Specialized Etymology Resources (Not Libraries)#

Zhongwen.com#

Online etymology dictionary
Not programmatic access
Rich explanations

Chinese Etymology by Richard Sears#

Historical character forms database
Shows evolution: oracle bone → modern
Not easily parsable API

Wiktionary Chinese Etymology#

Community-contributed
Variable quality
Can be scraped but maintenance burden

Use Case Examples#

Research Query: Find All Pictophonetic Characters with Phonetic ‘马’#

results = [
    char for char, data in etymology_db.items()
    if data['etymology']['type'] == 'pictophonetic'
    and '马' in data['etymology']['phonetic']
]
# → ['吗', '妈', '码', '玛', etc.]
# All pronounced 'ma'

Educational Content: Explain Character 好#

info = get_etymology('好')

# Output:
{
  'modern': '好',
  'structure': '⿰女子',
  'type': 'ideographic',
  'meaning': 'woman + child = good (mother with child)',
  'components': {
    '女': 'woman (semantic)',
    '子': 'child (semantic)'
  }
}

Linguistic Research: Analyze Phonetic Components#

# Find all characters using same phonetic
phonetic_family = find_by_phonetic_component('工')

# Analysis:
# 工 (gōng) - work
# 江 (jiāng) - river [older pronunciation gōng]
# 紅 (hóng) - red
# 功 (gōng) - achievement
# Common phonetic base indicating ancient sound

Gaps & Workarounds#

Gap 1: Historical Forms Not in makemeahanzi#

Workaround:

Scrape Richard Sears etymology database
Map to makemeahanzi characters
Store separately, join on character key

Effort: ~3-5 days scraping + integration

Gap 2: Only 9K Characters Covered#

Workaround:

Most research focuses on common characters (covered)
For rare characters: Manual annotation
Or: Use CJKVI-IDS for structure, manual etymology

Gap 3: No Component Evolution Tracking#

Workaround:

Requires linguistic research
Not available in any library
Build manually for specific research questions

Alternative Approach: Build Comprehensive Etymology DB#

If makemeahanzi is insufficient:

Foundation: makemeahanzi (9K with etymology)
Historical forms: Scrape Sears database
Extended coverage: Manual annotation for specialized characters
Component evolution: Linguistic research + manual entry
Cross-references: Link related characters

Effort: Significant (~weeks/months) Benefit: Research-grade etymology resource

Production Considerations#

For Educational Content#

makemeahanzi sufficient for most cases
Focus on common 3,000-5,000 characters
Supplement with curated explanations

For Linguistic Research#

Start with makemeahanzi
Enhance with historical data (Sears)
Accept manual work for specialized queries
Build custom database over time

For Dictionary/Reference#

makemeahanzi + manual curation
Quality control on etymology explanations
Peer review by linguists
Continuous refinement

Verdict: makemeahanzi provides best programmatic access to etymology data for common characters.
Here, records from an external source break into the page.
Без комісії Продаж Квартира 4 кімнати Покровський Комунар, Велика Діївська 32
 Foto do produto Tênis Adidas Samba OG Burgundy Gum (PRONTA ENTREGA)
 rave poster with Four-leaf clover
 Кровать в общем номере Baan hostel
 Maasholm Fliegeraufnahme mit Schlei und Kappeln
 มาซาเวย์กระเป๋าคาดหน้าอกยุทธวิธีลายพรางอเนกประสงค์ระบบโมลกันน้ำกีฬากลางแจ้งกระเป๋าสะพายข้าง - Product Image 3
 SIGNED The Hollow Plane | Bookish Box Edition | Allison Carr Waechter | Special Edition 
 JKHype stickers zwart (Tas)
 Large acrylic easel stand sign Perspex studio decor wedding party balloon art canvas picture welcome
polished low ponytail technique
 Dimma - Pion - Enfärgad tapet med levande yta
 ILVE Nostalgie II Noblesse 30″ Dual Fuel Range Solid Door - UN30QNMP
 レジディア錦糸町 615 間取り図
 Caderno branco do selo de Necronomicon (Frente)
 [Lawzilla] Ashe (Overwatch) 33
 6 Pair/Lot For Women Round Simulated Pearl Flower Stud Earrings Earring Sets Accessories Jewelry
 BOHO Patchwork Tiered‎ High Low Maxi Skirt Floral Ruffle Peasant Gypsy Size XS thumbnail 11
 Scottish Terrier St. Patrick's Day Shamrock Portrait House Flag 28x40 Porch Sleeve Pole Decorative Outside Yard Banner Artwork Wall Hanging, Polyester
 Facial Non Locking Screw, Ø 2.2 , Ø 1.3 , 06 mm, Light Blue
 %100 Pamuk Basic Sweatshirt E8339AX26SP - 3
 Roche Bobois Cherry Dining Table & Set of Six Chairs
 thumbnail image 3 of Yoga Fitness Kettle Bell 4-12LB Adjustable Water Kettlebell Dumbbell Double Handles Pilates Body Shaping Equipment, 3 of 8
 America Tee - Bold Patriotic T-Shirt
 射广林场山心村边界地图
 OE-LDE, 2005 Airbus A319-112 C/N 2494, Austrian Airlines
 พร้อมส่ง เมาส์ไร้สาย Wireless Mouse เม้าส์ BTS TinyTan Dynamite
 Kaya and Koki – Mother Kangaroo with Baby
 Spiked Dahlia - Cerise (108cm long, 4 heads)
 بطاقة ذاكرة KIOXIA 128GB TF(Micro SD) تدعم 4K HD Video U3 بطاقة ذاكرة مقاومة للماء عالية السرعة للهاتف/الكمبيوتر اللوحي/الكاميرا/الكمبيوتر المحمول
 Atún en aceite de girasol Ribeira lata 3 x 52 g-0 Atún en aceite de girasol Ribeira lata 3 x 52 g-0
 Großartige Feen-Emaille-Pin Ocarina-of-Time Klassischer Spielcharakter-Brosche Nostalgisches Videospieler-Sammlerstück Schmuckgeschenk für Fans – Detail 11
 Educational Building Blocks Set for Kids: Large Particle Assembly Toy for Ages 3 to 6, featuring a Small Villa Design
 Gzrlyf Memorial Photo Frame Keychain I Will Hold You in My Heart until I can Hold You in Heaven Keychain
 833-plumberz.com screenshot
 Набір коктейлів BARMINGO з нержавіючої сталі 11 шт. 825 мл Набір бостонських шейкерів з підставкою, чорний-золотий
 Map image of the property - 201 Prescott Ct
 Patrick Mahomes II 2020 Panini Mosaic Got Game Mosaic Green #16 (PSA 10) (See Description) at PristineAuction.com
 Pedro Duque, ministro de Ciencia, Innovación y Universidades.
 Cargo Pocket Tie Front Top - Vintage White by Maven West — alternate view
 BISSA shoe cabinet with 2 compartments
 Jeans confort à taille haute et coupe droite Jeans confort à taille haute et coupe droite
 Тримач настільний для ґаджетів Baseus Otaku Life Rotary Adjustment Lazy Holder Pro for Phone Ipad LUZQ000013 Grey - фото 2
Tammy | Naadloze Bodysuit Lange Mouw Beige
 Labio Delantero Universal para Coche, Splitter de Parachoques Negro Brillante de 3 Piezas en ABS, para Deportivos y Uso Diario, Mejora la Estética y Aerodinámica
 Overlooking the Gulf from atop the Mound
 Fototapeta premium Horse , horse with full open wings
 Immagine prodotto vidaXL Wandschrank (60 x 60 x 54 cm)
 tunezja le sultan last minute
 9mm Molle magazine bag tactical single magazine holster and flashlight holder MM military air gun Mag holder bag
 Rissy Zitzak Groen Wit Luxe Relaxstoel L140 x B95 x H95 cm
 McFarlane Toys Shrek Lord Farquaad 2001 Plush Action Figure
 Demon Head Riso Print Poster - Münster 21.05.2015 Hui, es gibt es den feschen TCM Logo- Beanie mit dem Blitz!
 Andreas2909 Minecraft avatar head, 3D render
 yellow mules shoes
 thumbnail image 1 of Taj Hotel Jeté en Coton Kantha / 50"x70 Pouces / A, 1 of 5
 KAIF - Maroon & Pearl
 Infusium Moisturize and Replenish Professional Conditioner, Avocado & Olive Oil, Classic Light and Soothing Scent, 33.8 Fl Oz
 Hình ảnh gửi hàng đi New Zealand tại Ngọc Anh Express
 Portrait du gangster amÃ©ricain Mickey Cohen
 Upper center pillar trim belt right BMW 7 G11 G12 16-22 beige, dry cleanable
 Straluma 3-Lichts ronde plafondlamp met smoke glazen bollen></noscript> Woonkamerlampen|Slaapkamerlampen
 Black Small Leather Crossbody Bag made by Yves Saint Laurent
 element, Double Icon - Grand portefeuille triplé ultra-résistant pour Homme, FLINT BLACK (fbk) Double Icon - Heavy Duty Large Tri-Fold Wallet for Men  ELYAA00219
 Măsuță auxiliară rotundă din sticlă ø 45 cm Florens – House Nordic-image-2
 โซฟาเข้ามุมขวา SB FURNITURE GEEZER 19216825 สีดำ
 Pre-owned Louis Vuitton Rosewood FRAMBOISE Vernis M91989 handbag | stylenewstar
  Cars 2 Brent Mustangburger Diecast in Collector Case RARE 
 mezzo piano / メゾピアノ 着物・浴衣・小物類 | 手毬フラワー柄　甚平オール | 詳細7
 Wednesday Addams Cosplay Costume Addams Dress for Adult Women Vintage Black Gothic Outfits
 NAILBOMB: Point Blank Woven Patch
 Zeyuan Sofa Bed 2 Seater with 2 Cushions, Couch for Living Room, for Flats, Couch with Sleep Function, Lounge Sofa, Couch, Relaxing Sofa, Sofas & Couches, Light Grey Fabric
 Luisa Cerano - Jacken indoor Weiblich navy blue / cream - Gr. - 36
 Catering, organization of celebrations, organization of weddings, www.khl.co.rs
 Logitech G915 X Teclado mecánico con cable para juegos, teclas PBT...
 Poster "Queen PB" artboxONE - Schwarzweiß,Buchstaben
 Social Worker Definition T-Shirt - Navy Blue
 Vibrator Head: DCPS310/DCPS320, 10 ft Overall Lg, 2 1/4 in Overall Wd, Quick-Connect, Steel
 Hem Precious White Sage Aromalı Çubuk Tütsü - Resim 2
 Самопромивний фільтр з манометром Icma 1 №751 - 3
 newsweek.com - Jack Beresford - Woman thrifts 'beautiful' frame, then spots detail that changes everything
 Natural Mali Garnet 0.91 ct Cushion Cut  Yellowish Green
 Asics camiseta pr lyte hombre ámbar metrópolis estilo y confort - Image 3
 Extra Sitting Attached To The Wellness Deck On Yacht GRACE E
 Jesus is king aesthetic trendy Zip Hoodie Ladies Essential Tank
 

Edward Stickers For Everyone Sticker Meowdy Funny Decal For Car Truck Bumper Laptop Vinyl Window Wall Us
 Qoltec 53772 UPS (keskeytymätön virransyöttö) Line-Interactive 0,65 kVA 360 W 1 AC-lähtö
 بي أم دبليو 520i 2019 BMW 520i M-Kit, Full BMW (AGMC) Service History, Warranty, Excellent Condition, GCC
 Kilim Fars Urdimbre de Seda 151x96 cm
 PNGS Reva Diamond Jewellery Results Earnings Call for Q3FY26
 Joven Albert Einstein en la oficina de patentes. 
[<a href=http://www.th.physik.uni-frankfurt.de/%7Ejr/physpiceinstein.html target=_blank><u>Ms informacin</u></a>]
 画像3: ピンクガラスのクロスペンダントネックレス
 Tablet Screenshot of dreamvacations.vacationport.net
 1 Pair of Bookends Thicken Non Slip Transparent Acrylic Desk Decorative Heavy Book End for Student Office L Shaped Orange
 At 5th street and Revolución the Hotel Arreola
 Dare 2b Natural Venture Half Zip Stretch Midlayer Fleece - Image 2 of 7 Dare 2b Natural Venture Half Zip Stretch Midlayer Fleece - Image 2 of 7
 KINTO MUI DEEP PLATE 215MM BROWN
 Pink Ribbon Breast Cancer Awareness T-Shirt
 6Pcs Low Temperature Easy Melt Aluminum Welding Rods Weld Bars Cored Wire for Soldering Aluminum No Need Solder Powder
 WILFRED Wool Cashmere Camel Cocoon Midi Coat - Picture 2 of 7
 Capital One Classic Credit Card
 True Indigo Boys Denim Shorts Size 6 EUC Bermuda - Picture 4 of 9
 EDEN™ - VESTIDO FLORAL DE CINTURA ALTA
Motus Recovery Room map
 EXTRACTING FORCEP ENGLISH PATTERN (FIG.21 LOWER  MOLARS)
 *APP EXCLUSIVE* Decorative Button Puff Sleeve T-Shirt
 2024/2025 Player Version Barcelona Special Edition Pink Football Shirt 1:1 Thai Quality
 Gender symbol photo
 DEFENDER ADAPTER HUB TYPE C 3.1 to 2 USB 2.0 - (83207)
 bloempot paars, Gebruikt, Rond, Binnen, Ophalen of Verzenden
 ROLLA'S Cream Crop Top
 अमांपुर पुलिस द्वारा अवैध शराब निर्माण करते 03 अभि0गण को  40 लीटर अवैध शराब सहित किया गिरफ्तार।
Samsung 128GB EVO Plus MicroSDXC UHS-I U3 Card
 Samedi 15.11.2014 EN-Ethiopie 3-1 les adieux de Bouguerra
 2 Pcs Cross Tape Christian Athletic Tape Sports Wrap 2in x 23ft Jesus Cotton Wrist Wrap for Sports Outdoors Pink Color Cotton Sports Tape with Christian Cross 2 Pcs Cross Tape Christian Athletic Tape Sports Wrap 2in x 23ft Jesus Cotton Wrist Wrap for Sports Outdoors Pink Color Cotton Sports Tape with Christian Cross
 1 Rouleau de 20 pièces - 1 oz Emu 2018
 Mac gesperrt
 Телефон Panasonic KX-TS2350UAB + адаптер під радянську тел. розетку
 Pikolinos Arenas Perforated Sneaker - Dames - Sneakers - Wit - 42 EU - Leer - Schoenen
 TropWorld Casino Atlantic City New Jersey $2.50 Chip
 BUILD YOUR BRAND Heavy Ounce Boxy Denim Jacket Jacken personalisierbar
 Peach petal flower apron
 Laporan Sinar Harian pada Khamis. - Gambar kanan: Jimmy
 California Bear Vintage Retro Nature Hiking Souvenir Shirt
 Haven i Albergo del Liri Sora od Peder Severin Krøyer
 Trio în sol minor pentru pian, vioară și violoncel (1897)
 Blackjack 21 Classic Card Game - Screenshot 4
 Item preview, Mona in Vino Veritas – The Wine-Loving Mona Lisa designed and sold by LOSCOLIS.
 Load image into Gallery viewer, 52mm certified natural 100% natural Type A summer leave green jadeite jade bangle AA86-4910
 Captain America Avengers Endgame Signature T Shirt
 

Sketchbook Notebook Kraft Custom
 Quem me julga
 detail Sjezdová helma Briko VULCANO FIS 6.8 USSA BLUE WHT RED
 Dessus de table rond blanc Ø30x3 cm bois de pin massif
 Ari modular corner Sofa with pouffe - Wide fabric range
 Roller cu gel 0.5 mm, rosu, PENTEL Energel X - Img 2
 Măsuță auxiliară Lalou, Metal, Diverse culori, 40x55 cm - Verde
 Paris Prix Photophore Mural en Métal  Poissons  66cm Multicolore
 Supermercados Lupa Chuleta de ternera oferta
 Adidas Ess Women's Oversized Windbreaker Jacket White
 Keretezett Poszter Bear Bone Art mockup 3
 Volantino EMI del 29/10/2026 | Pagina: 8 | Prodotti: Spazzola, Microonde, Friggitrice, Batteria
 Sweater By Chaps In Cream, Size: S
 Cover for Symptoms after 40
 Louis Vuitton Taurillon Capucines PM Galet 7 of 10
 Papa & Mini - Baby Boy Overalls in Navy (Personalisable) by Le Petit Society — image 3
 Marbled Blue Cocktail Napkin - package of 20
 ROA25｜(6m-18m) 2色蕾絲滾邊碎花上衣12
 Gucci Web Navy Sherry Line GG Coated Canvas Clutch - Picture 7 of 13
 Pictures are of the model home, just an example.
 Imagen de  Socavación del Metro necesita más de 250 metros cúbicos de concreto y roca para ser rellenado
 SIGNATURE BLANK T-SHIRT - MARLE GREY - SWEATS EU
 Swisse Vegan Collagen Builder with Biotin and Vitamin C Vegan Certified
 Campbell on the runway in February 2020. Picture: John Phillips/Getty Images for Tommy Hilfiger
For comprehensive research, combine with historical databases (Sears) and expect manual curation for specialized needs.

Use Case: NLP Pipeline & Text Processing#

Goal#

Process Chinese text for downstream NLP tasks: sentiment analysis, machine translation, information extraction, question answering, etc.

User Stories#

Machine translation preprocessing:
- Input: Raw Chinese text (no spaces)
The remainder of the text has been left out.